The patient must make an informed decision concerning resuscitation for cardiac or respiratory arrest due to their terminal condition. The patient will inform their family of their decision and the location of the EMS ?DNR directive. They should make their family aware of the appropriate areas for the directive to be placed. The directive should be hung in an unobstructed view above the patient on the wall or in close proximity to the head of the bed. If the patient is mobile, it is highly recommended they were the approved bracelet/necklace that will be easily recognized by EMS personnel.

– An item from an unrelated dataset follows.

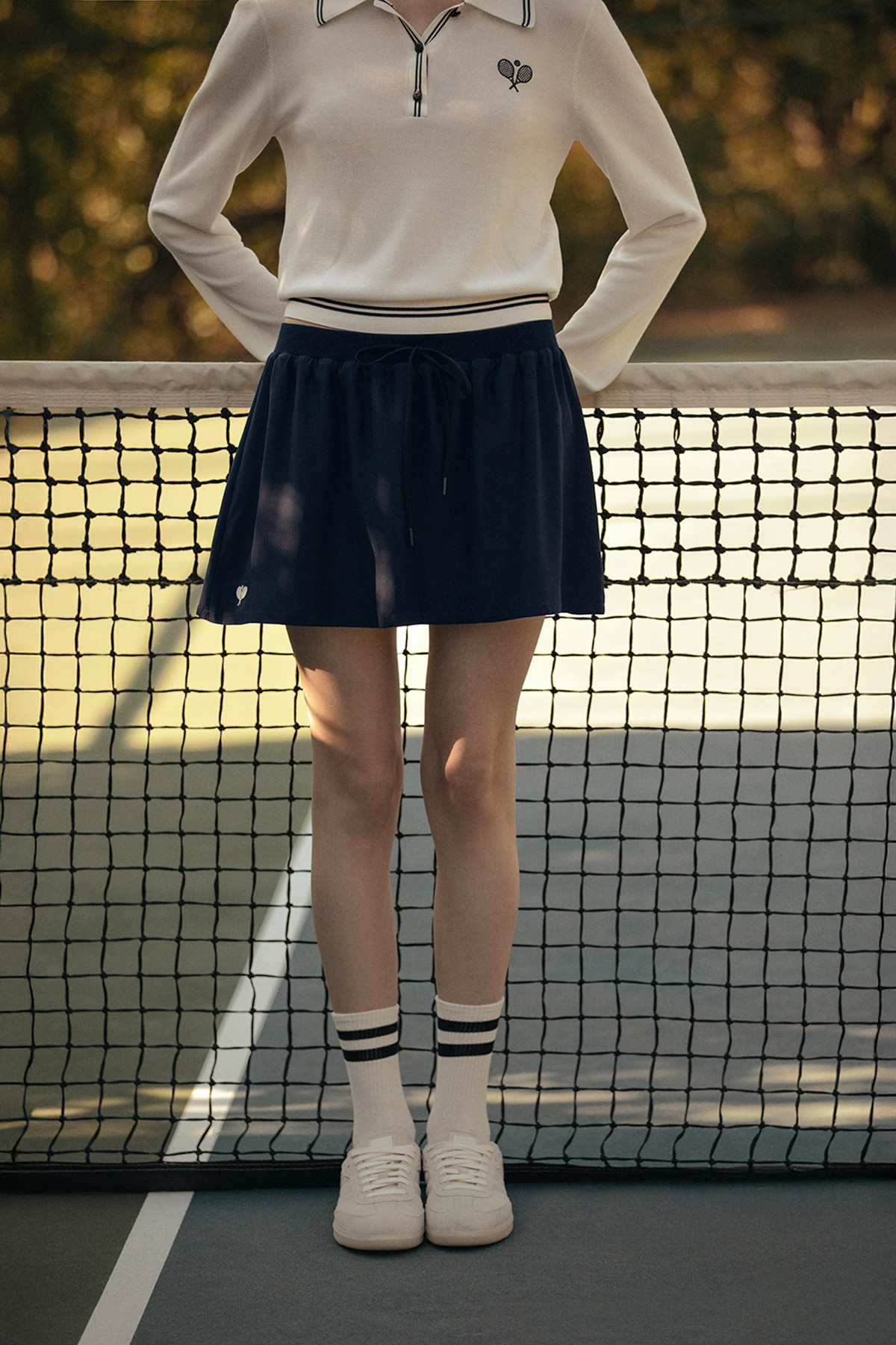FRAME Tennis Capsule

They should further inform their family, that the directive can be revoked by destroying both the written directive and the bracelet/necklace. Removal of the bracelet will be considered to be destroying it. This can be done by the patient or their proxy. They can also verbally state to the EMS personnel their desire to be resuscitated should they arrest.

Family Responsibility

The family should be aware of the EMS/DNR directive, its location and the revocation process. they should further realize that emergency medical services personnel will respond should they be called either by calling 9-1-1 or the local emergency number. But most importantly they should know and respect the wishes of the patient, regardless of their own personal feelings. The family should also make a decision as to whether or not they will want the patient to go to the hospital if they call the EMS personnel.


Medical Treatment Plan

The medical treatment plan lets the physician and the patient or someone speaking for the patient agrees on a treatment plan based on either an existing condition or something that might happen.

An individual might do a plan before going into surgery or before a nursing home admission. The plan should be updated every time there's a change in medical condition.